É esperado que figuras que anteriormente faziam críticas severas ao governo busquem agora um espaço ao lado daqueles que mantiveram sua lealdade ao projeto político desde o início. Embora a mudança de posição seja legítima na política, ela deve ser acompanhada de coerência e explicações claras. O que gera desconfiança é a alteração repentina de postura, motivada apenas pela busca de aproximação com o poder.

Os eleitores têm boa memória e sabem que discursos acalorados, ataques públicos e críticas contundentes não desaparecem simplesmente porque uma fotografia ao lado de uma autoridade pode trazer benefícios eleitorais. A imagem pode ser alterada, mas os registros permanecem intactos.

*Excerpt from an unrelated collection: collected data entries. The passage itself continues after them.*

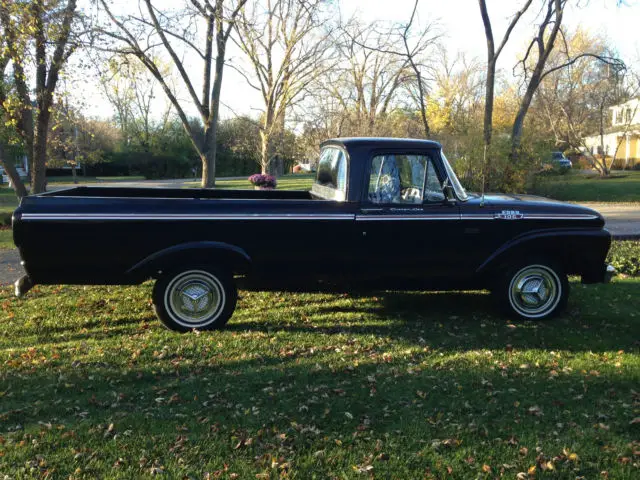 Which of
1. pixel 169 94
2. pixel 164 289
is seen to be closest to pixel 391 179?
pixel 164 289

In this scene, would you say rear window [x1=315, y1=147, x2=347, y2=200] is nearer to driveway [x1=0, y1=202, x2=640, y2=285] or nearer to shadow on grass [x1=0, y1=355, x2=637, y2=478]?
shadow on grass [x1=0, y1=355, x2=637, y2=478]

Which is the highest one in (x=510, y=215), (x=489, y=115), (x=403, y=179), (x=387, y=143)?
(x=489, y=115)

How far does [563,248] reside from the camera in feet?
19.9

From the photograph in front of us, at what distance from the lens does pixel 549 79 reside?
38750 mm

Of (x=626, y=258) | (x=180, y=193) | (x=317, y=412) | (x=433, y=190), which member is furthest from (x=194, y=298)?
(x=626, y=258)

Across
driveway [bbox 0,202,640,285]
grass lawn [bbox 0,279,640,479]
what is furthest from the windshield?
driveway [bbox 0,202,640,285]

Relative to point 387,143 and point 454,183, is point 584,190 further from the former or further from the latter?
point 387,143

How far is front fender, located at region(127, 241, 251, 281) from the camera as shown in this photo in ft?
17.6

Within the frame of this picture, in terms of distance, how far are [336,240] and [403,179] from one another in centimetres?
101

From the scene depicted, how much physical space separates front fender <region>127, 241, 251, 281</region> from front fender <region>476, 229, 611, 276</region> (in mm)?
2622

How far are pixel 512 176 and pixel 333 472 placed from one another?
2160 centimetres

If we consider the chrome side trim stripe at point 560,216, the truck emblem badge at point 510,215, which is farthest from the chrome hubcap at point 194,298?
the chrome side trim stripe at point 560,216

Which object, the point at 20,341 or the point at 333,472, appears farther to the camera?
the point at 20,341

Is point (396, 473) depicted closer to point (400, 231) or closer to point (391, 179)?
point (400, 231) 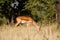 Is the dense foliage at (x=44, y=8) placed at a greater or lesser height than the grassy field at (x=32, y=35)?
lesser

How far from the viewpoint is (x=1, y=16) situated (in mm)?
20688

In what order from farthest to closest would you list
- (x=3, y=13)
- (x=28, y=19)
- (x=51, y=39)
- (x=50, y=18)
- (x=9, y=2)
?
(x=3, y=13)
(x=9, y=2)
(x=50, y=18)
(x=28, y=19)
(x=51, y=39)

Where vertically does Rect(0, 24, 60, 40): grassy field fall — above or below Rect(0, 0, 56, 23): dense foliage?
above

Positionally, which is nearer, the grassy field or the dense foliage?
the grassy field

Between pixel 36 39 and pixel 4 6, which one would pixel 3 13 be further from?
pixel 36 39

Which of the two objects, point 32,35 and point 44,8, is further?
point 44,8

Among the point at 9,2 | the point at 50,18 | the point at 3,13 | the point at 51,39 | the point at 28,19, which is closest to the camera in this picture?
the point at 51,39

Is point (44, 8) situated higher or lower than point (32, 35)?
lower

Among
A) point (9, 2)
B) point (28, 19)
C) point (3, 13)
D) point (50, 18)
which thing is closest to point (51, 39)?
point (28, 19)

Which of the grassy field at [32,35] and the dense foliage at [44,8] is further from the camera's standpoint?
the dense foliage at [44,8]

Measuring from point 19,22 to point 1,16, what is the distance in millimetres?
4215

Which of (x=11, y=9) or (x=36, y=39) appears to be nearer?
(x=36, y=39)

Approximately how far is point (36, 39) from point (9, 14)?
14821 millimetres

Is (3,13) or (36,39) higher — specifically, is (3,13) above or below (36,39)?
below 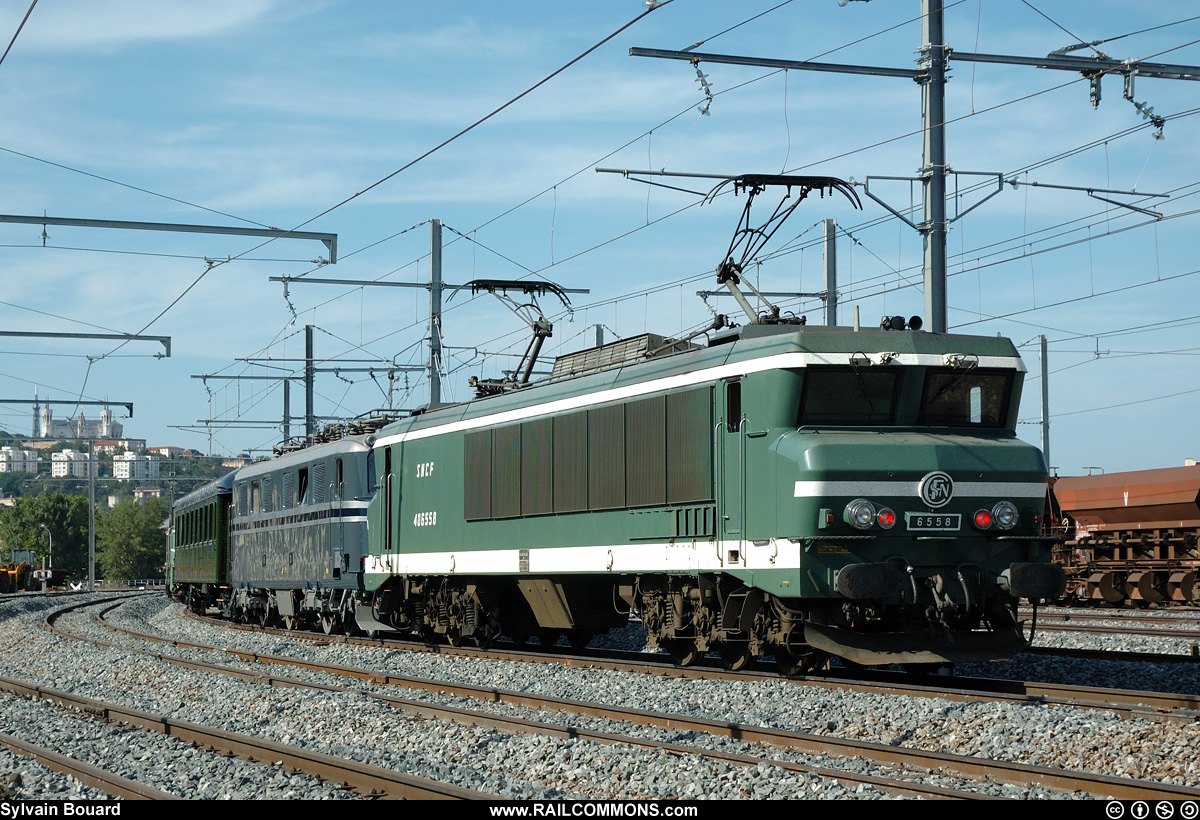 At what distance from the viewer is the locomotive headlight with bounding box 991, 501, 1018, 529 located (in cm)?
1375

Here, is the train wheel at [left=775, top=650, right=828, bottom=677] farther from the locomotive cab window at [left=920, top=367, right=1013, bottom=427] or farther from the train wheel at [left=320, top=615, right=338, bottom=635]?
the train wheel at [left=320, top=615, right=338, bottom=635]

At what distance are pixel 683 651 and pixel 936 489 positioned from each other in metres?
4.51

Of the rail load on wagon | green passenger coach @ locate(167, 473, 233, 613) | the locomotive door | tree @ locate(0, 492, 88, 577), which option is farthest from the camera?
tree @ locate(0, 492, 88, 577)

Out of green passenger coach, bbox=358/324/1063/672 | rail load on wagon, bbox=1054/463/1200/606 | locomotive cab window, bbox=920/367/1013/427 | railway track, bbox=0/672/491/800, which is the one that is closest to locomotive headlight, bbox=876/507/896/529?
green passenger coach, bbox=358/324/1063/672

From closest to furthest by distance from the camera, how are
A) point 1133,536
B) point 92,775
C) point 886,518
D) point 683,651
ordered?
point 92,775, point 886,518, point 683,651, point 1133,536

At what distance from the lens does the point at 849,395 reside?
14078 millimetres

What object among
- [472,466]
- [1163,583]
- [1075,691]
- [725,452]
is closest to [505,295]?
[472,466]

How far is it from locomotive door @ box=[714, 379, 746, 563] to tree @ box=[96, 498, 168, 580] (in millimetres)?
146879

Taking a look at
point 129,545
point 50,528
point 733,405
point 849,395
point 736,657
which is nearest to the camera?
point 849,395

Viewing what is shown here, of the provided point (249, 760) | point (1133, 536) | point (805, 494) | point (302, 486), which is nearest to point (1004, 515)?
point (805, 494)

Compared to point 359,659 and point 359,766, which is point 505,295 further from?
point 359,766

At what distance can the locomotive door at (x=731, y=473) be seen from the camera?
14211mm

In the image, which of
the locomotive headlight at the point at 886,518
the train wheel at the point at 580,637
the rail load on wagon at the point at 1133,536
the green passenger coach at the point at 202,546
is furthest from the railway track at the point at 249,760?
the rail load on wagon at the point at 1133,536

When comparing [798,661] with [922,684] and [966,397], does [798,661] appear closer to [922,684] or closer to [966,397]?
[922,684] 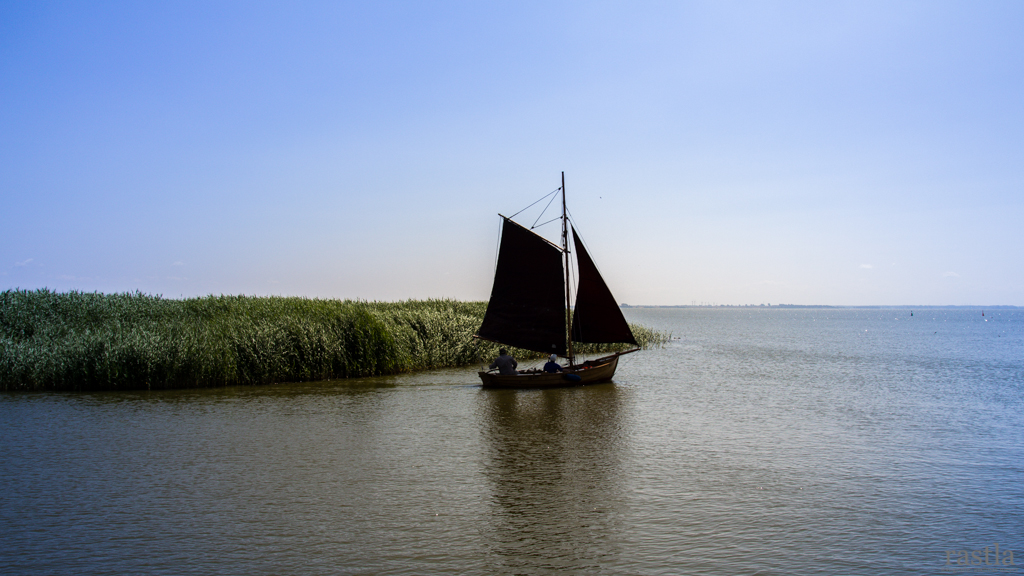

A crença de que basta compartilhar o mesmo palanque para reescrever a própria história é um equívoco. Aqueles que acompanham a política local são capazes de distinguir entre aliados de ocasião e aqueles que mantiveram suas convicções, mesmo diante de adversidades.

A democracia admite alianças, reaproximações e mudanças de posicionamento. Contudo, o que não é bem aceito é a incoerência disfarçada de convicção. O eleitor espera autenticidade, compromisso e transparência, e não manobras estratégicas motivadas exclusivamente pela proximidade das eleições.

Em última análise, o palanque é apenas um cenário para as disputas políticas. O verdadeiro julgamento ocorre nas urnas, onde os eleitores avaliam não apenas os discursos atuais, mas também a coerência entre as declarações do passado e as ações do presente.